Waarom deze wetenschapper geen tijd had
Toch zijn ze er wel – de journalistieke wetenschappers. Neem Jurgen van Teeffelen. Van Teeffelen (50) is een gepromoveerd medisch bioloog die vier jaar geleden besloot om sportwetenschapsjournalist te worden. (Hij was zo’n wetenschapper die niets begreep van de afspraak van zijn vakgenoten om onleesbaar te schrijven.)
Al gauw viel hij me op: zo schreef Van Teeffelen over doping, zonder te dramatiseren, opiniëren of vervelen. We hebben een keer koffie gedronken, om te kijken of hij en ik samen wat voor De Correspondent zouden kunnen doen. Uiteindelijk kwam het niet van een samenwerking. Hij had het te druk met andere dingen.
Niet veel later werd me duidelijk wat die andere dingen waren: Van Teeffelen was een boek aan het schrijven.

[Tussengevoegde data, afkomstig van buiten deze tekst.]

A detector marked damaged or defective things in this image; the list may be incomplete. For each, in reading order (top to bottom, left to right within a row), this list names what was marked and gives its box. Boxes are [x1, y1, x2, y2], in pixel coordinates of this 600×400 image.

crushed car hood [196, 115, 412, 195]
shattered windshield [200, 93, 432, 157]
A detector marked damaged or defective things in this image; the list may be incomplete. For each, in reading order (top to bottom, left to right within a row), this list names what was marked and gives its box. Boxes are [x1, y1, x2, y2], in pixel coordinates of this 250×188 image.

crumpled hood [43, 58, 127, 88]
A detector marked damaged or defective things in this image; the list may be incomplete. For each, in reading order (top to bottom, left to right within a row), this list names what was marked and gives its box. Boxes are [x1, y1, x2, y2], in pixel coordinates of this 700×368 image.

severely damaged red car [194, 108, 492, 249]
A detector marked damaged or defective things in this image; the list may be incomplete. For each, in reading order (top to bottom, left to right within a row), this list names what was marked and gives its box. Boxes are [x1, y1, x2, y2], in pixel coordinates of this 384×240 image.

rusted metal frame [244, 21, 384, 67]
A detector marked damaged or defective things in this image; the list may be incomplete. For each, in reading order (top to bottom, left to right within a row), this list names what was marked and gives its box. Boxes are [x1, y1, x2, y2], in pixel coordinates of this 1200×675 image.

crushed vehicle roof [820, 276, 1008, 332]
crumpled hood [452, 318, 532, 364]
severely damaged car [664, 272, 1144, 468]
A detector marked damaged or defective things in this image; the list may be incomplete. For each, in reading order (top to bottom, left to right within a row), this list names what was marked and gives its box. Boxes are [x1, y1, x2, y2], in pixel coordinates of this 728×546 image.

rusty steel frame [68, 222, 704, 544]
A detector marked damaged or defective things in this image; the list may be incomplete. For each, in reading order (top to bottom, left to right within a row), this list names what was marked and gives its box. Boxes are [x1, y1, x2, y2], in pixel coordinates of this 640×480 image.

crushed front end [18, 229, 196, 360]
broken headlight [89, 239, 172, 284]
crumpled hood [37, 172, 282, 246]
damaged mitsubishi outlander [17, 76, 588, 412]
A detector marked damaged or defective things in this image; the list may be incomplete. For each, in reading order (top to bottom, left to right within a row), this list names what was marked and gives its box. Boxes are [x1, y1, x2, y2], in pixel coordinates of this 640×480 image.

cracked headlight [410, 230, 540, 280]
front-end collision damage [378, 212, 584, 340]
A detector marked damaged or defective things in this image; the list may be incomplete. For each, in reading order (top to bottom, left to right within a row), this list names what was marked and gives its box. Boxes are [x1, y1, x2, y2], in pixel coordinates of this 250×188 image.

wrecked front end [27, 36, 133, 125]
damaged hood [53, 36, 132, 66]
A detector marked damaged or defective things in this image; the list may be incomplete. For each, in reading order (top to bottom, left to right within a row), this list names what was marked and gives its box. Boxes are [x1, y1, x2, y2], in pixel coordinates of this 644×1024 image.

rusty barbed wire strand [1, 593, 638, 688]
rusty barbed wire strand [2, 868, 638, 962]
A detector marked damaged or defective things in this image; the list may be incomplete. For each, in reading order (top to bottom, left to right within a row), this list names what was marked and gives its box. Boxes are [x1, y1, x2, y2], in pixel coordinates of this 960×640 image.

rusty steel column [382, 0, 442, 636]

Het doel: in een uur 54 kilometer en 526 meter fietsen
Van Teeffelen ging een relatief onbekende wielrenner, Dion Beukeboom, en een bewegingswetenschapper, Jim van den Berg, volgen in hun poging om het werelduurrecord van Tour de France-winnaar Sir Bradley Wiggins te verbeteren: in een uur verder dan 54 kilometer en 526 meter fietsen. Diverse beroemde renners – van Eddy Merckx tot Miguel Indurain – hebben zich sinds het begin van de twintigste eeuw gewaagd aan ‘het uur’, maar nooit kwam iemand verder dan Wiggins in 2015.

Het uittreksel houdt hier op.